私は 2 週に 1 度英語を習っている。実際は習っているというよりおしゃべりしにいっているという感じだけど、授業料をお渡ししてるので習っていると表現しておく。授業は雑多なトピックを英語で話すだけ。授業についてはここでは詳しく話さない。先生であるカリフォルニア出身のじいさんには見習いたいところがあるという話。

彼はお金が大好き。授業後のお支払いを忘れていると「ンン〜、マニマニ〜」とにこやかにリマインドしてくれる。この胆力は見習いたいと思っているしそんなあけすけな彼のことはしょうがない人だと思って笑っている。

彼は週末になると宝くじ売り場に通う。前回買ったいくつかの LOTO7 の当選番号を確認し、そしてまたいくつか買っていく。授業中のトピックも宝くじに関するものが多い。アメリカの宝くじでは目が飛び出るような金額の高額当選が出たんだとか。ちなみに高額当選したら授業料タダにしてねと言ってはある。まだ当選してなさそう。おかげで授業料は発生し続けている。そんな甘くないよね。 でもそんなお金大好きな彼はクネクネしながら「オーゥ、ランボゥ〜」と言ってランボルギーニ大好きなセレブリティを揶揄したりする。

彼は旅行と美味しいご飯を食べることが好きだ。 インドネシア離島の美しい海と美味しい料理の話。どっかの手付かずのジャングルとそこを抜けた天然のプライベートビーチの話。クロアチアの街で恋に落ちた女性に見送られ駅を去る話。どっかのジャングルの奥地でヘビを食べた話。タイの川沿いでゾウの背中に乗ってめっちゃ揺られた話。私の目から見て、彼は人生を楽しむのがとても上手に見えた。

マーケティング、お金、モデルは、価値のヒエラルキーを明確にしていない人の欲望をゆがめる。*1

彼はちゃんと価値のヒエラルキーを持っているようだ。よくある消費を促すためにつくられた価値には興味がないように見えた。お金が大好きなのに、その使い道はとってもはっきりしている。自分の欲望をよく知っている。
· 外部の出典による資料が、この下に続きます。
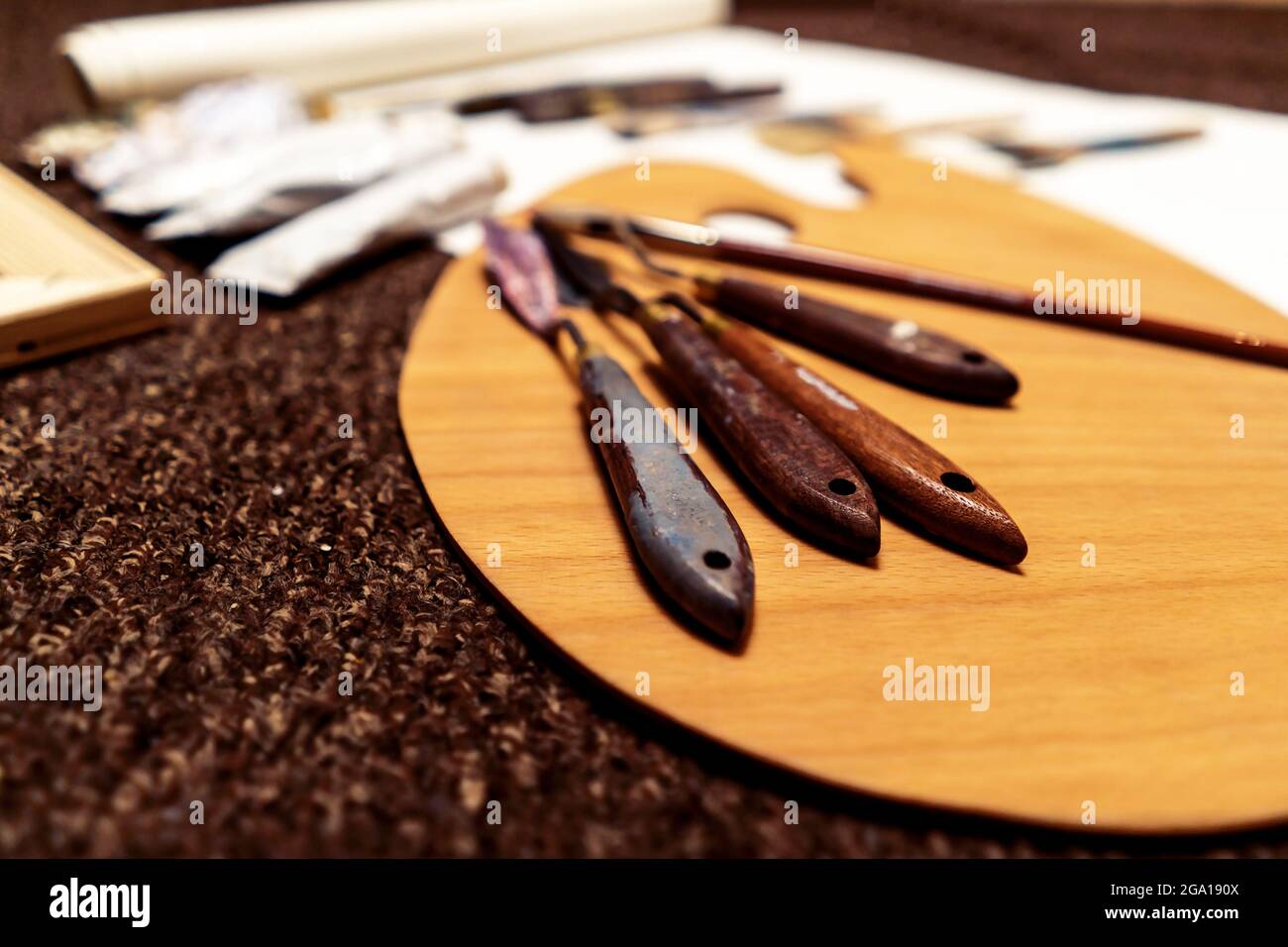 Different types of palette knife Stock Photo Alamy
ジラールの(欲望の)模倣理論では、(中略) 人々は単なる情報の運び手ではなく、欲望のきわめて重要なモデルなのである。私たちはモデル化されるものよりも、モデル化する人のほうを気にする。真似る目的は、真似そのものではなく、自分の差別化にある。ほかの人と比較してアイデンティティをつくろうとしているのだ。*2

街に出るとたくさんの広告が目に入る。煌びやかなバッグを下げた長身の美しい人。肉汁がすんごくてちゃんと高さがあるハンバーガーをほおばるマッチョ。広告を作った人たちは「欲望の模倣」をよく理解している。広告を見る自分はどうだろうか。お金を使ってしまうだけならまだ良い。本当に大切だった欲望まで見失ってしまうのでは元も子もない気がしている。

「PROTECT ME FROM WHAT I WANT」

これはアメリカ人アーティストのジェニー・ホルツァーの言葉らしい。 それでも結局誰かが守ってくれるわけじゃない。自分で欲望を守らなくちゃならない時代なのだ。オーゥ、ランボゥ〜。

*1:ルーク バージス. 欲望の見つけ方 お金・恋愛・キャリア (p.178). Kindle 版.

*2: ルーク バージス. 欲望の見つけ方 お金・恋愛・キャリア (p.145). Kindle 版.